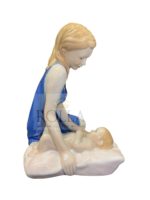 Figurine mamma con bimbo sul cuscino - immagine 2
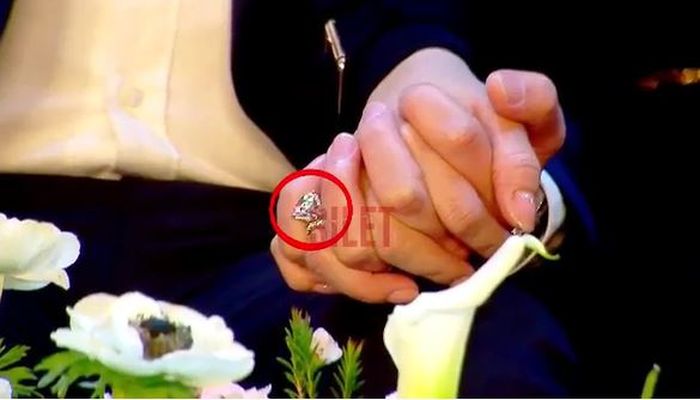 Cincin kawin berlian yang diterima Syahrini dari Reino Barack.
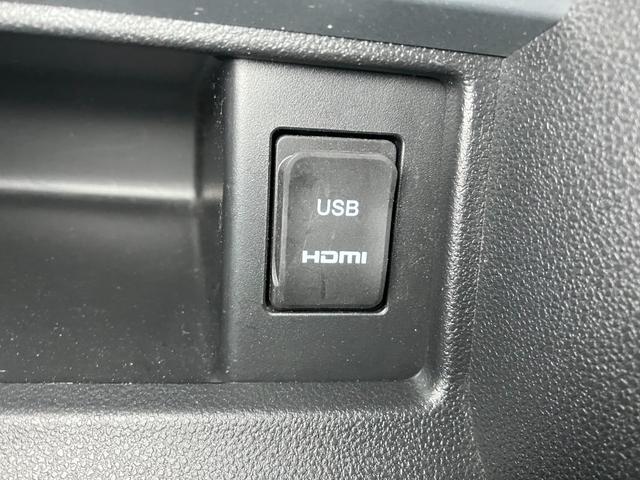 タント カスタムＲＳ　トップエディションＳＡＩＩＩ　サポカーＳワイド適合　ドラレコ　ミラクルウォークスルー　ミラクルオープンドア　ＵＳＢ接続端子　ステアリングスイッチ　両側オートスライドドア　Ｐスタート　運転席シートヒーター　キーフリー（18枚目）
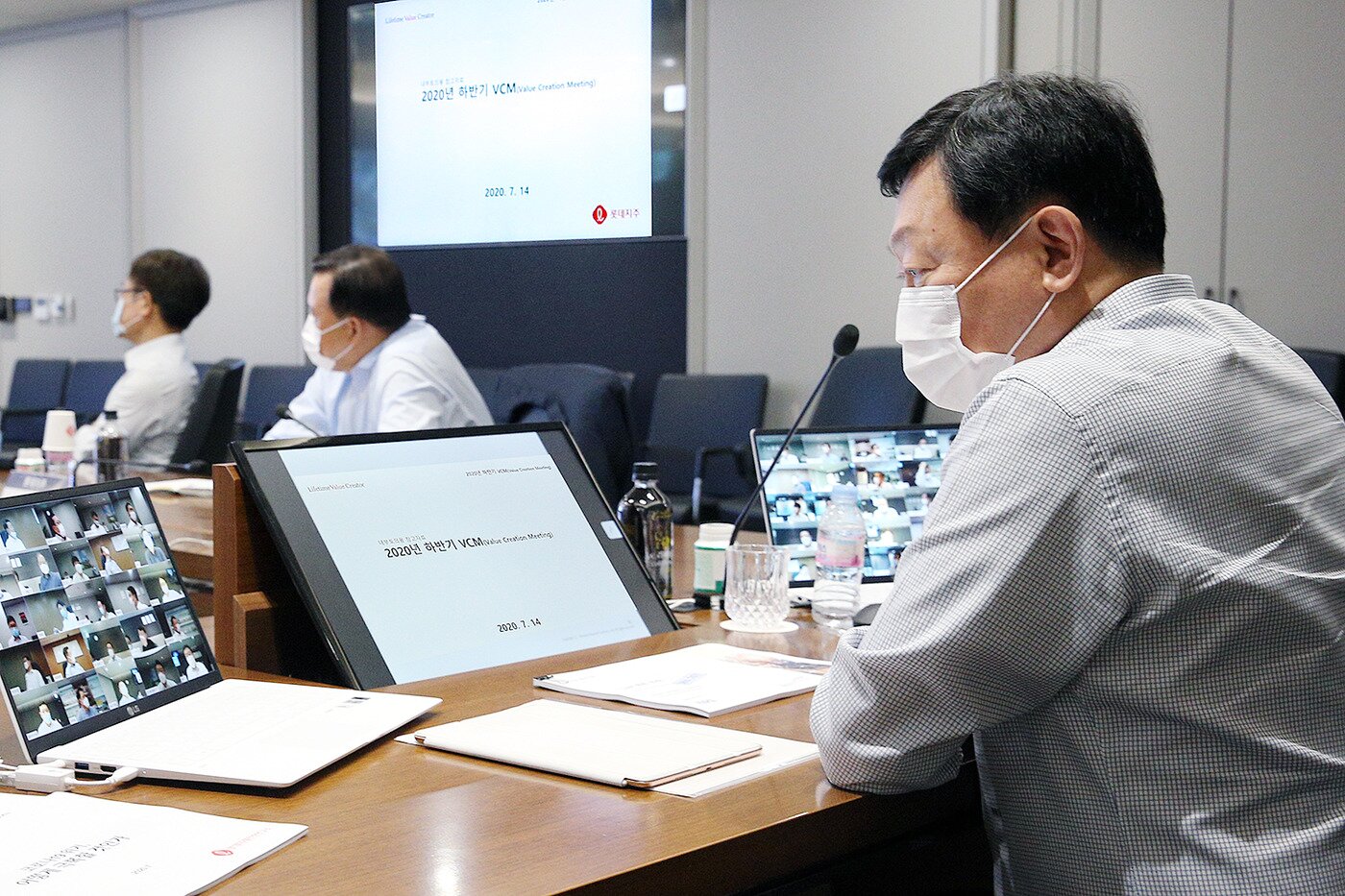 본문 이미지 - 14일 롯데그룹 신동빈 회장이 서울 잠실 롯데월드타워에서 웨비나(Webinar) 형태로 진행된 '2020 하반기 VCM'에 참석한 모습 ⓒ 뉴스1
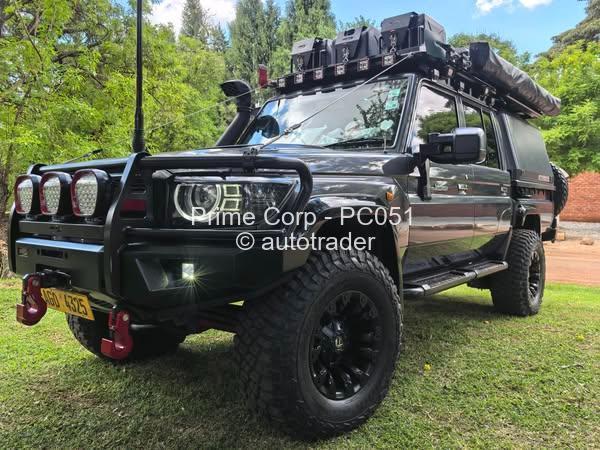 2022 - Toyota  Land Cruiser 79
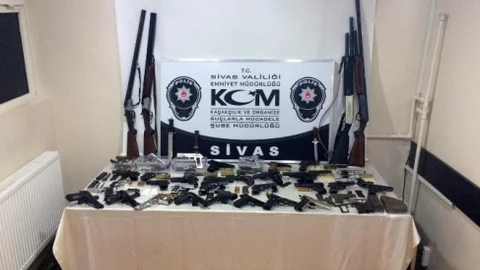 Sivas'ta Silah Kaçakçılığı Operasyonu 16 Gözaltı
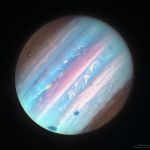 Jupiter en ultraviolet vue par Hubble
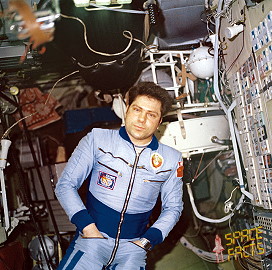 Vladimir Lyakhov next to the onboard sound library 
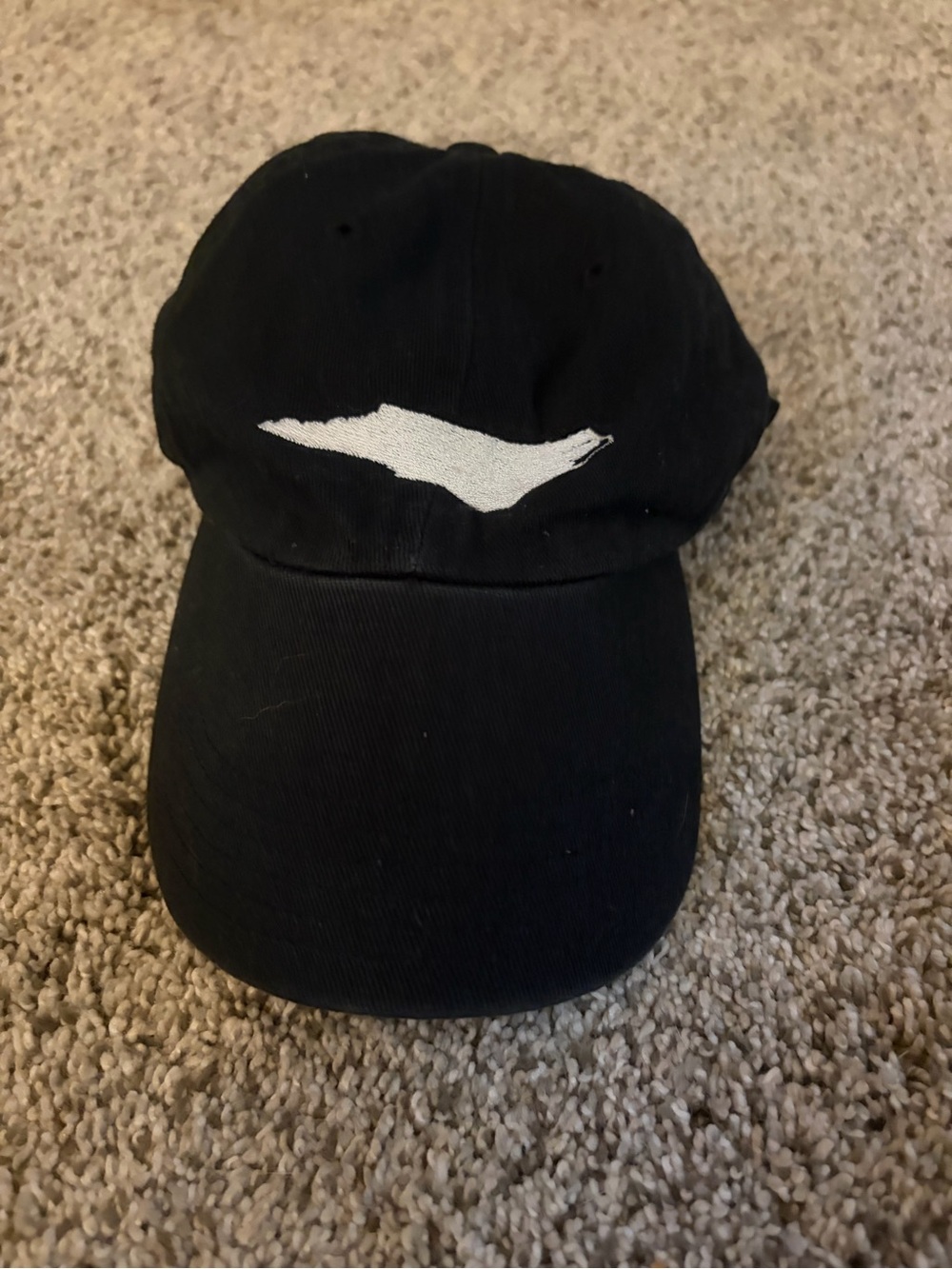 Adult NC State Outline Black Baseball Hat OS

════════════════

(Directions for this task):
Reproduce, word for word, the lines from the one containing "タント カスタムＲＳ　トップ" to the end of the material, both ends included. No picture is copied.

(Task result):
 タント カスタムＲＳ　トップエディションＳＡＩＩＩ　サポカーＳワイド適合　ドラレコ　ミラクルウォークスルー　ミラクルオープンドア　ＵＳＢ接続端子　ステアリングスイッチ　両側オートスライドドア　Ｐスタート　運転席シートヒーター　キーフリー（18枚目）
 본문 이미지 - 14일 롯데그룹 신동빈 회장이 서울 잠실 롯데월드타워에서 웨비나(Webinar) 형태로 진행된 '2020 하반기 VCM'에 참석한 모습 ⓒ 뉴스1
 2022 - Toyota  Land Cruiser 79
 Sivas'ta Silah Kaçakçılığı Operasyonu 16 Gözaltı
 Jupiter en ultraviolet vue par Hubble
 Vladimir Lyakhov next to the onboard sound library 
 Adult NC State Outline Black Baseball Hat OS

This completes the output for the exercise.